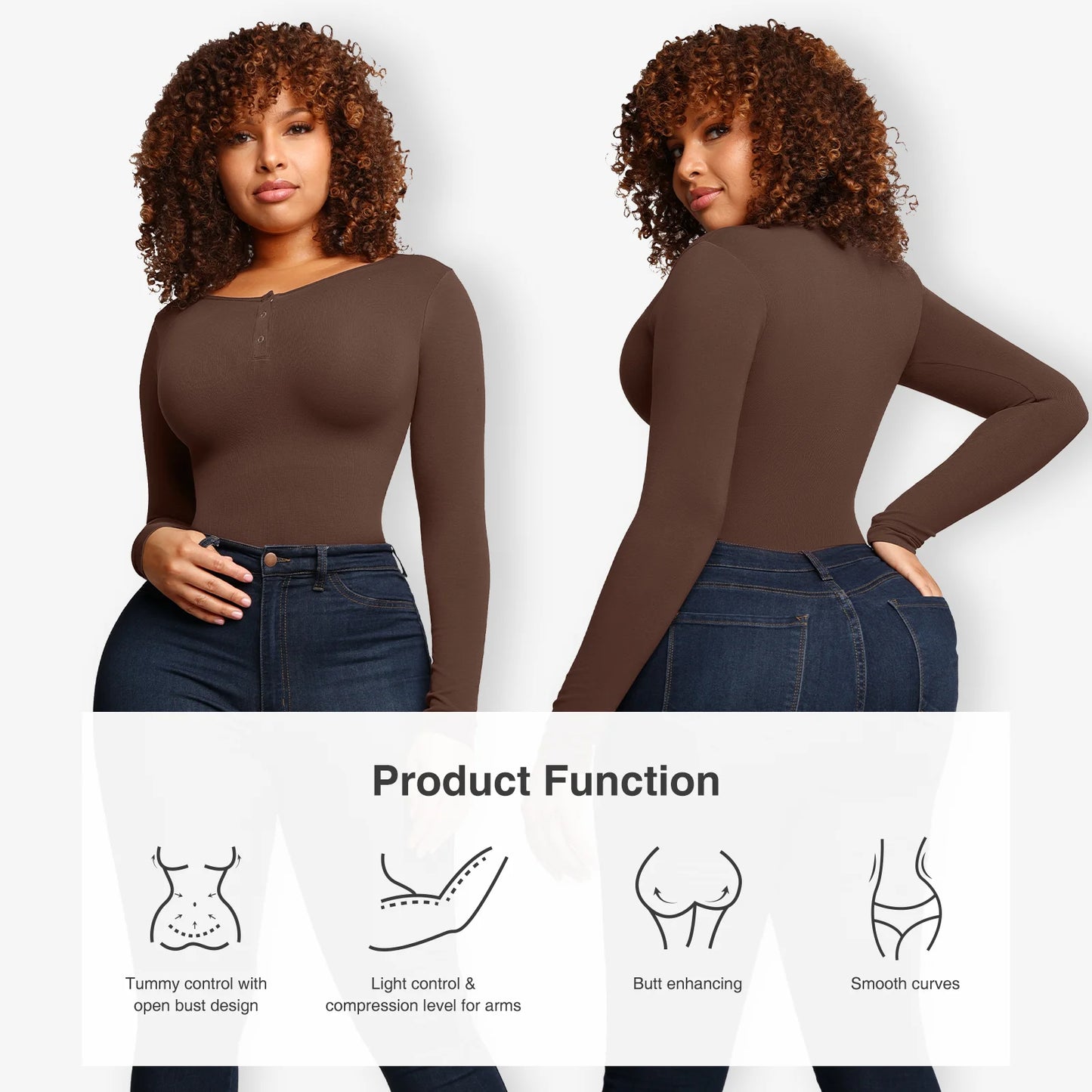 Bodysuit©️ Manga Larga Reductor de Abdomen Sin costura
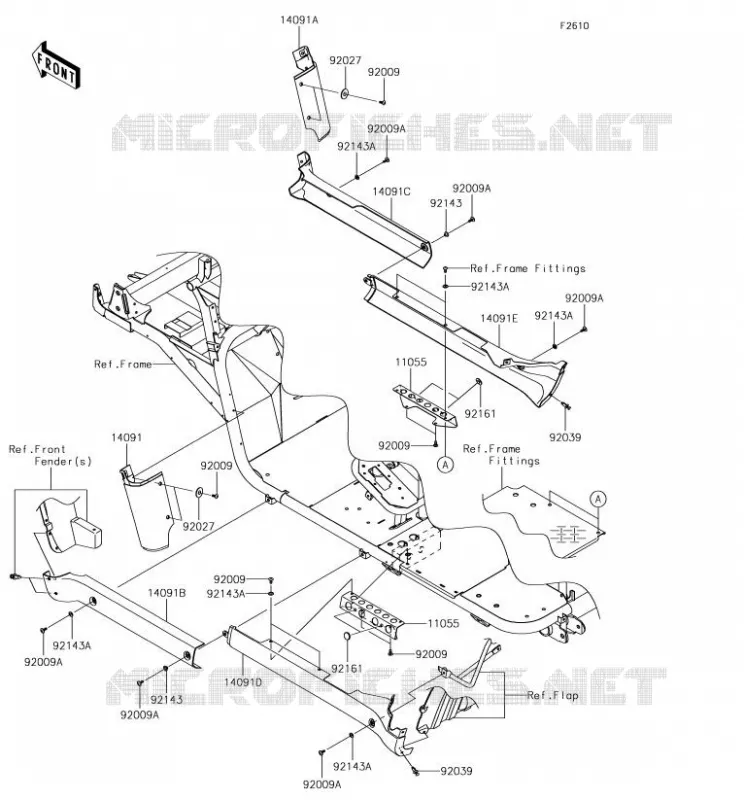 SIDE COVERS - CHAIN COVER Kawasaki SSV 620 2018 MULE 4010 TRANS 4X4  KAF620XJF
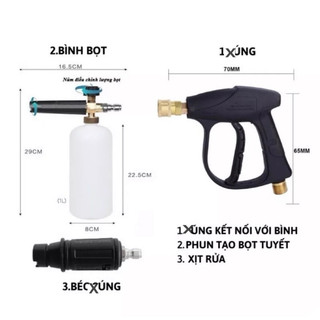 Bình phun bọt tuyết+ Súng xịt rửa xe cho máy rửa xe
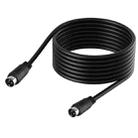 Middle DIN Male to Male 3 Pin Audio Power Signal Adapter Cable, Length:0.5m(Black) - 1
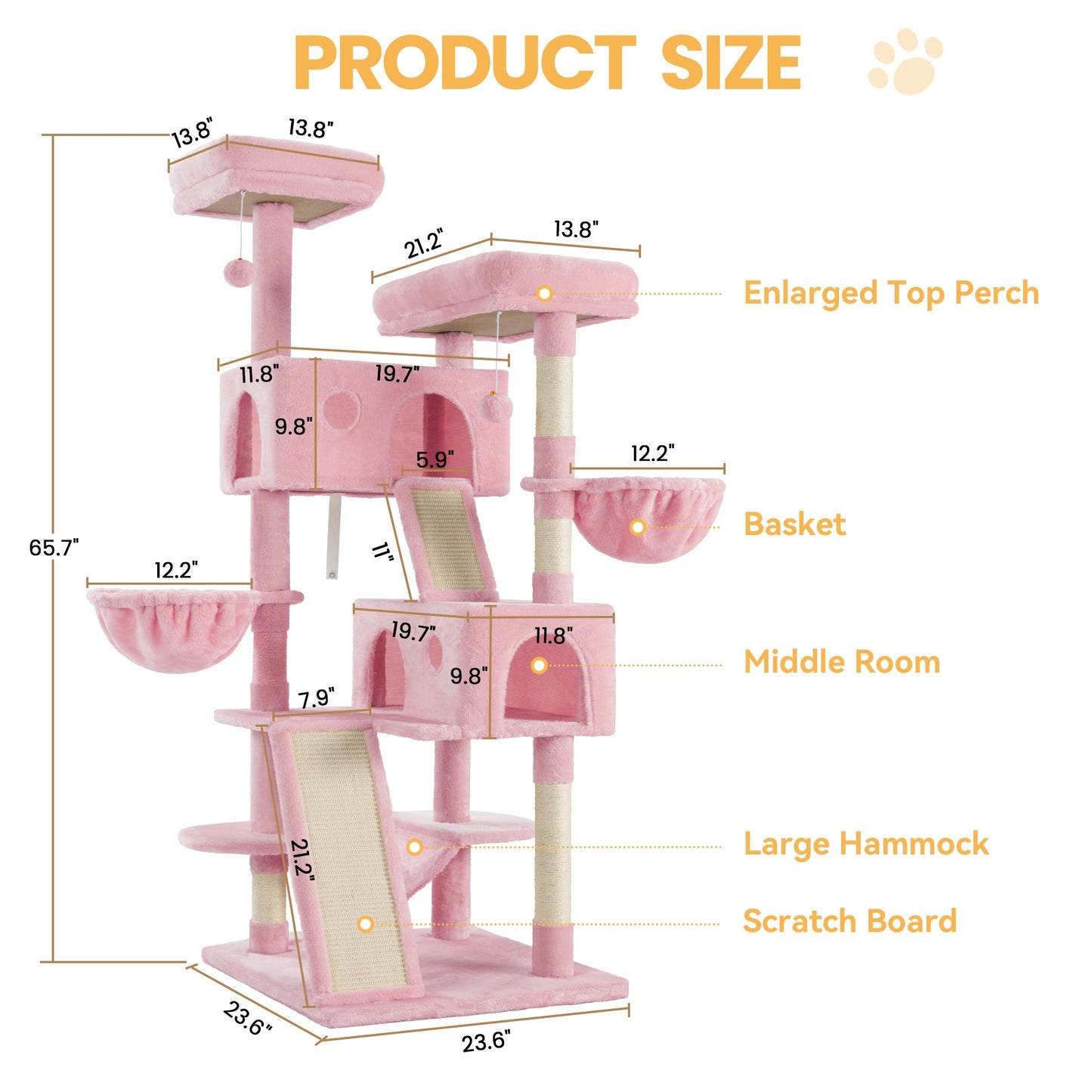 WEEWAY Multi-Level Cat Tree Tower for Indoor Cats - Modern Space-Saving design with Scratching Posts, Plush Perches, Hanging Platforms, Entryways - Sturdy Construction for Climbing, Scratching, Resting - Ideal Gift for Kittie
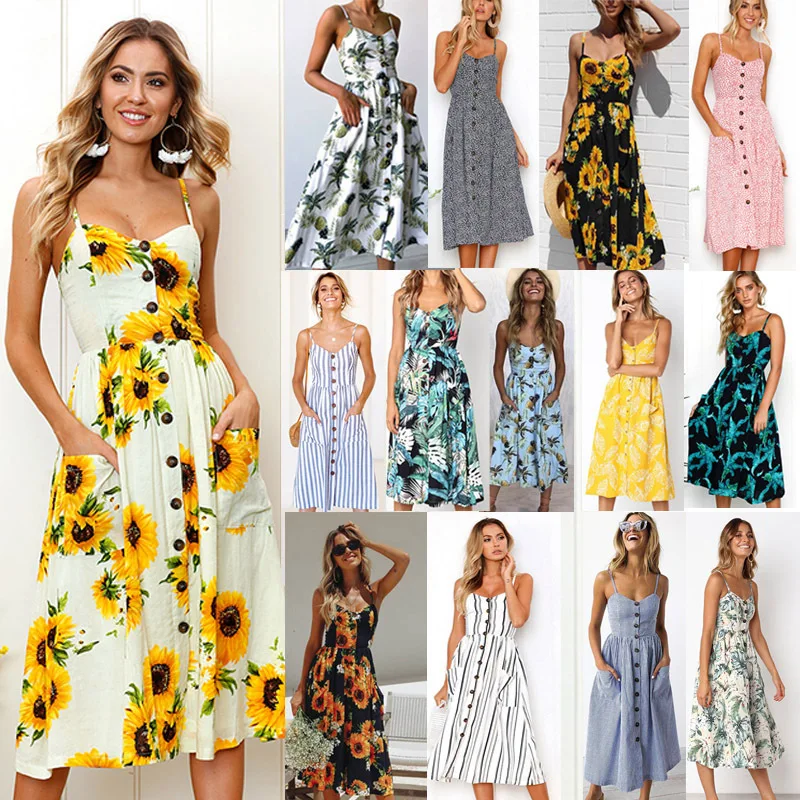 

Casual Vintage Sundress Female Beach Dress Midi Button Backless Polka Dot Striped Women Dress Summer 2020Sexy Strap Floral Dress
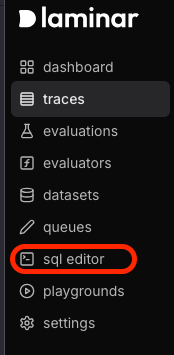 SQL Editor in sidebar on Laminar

────

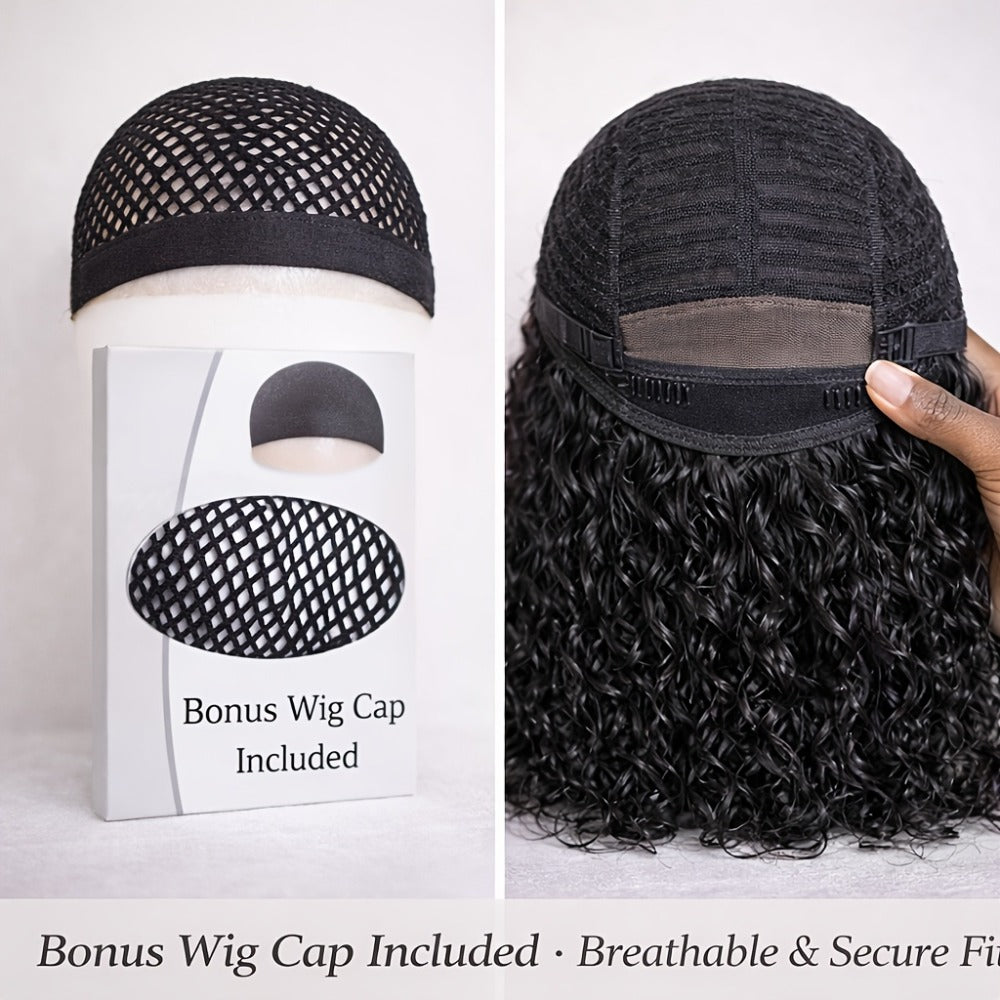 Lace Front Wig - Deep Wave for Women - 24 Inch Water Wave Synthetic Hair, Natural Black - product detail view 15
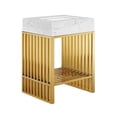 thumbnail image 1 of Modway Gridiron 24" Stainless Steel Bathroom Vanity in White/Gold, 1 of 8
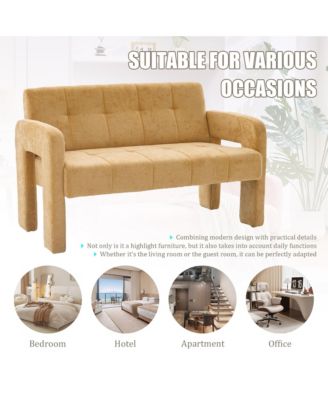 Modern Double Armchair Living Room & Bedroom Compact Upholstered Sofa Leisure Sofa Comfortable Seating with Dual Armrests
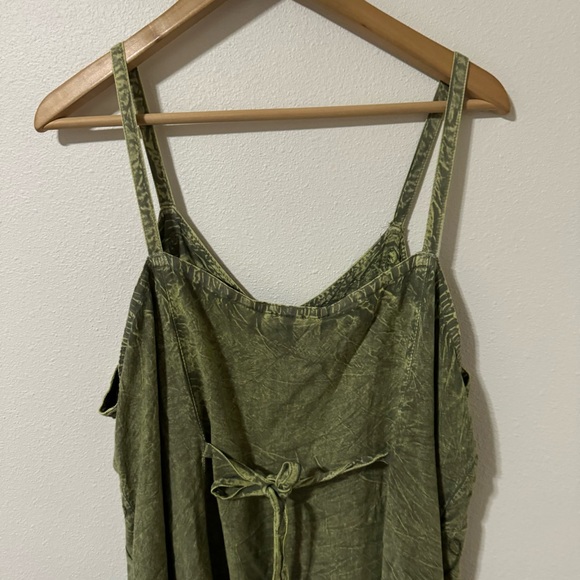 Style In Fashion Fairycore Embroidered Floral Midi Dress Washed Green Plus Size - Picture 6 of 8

────

# [WORK ITEM]
Go down the entries above from the line containing "Modern Double Armchair" to the line containing "Style In Fashion" and write out each line exactly, leaving pictures out.

# [ANSWER TO THE PROBLEM]
 Modern Double Armchair Living Room & Bedroom Compact Upholstered Sofa Leisure Sofa Comfortable Seating with Dual Armrests
 Style In Fashion Fairycore Embroidered Floral Midi Dress Washed Green Plus Size - Picture 6 of 8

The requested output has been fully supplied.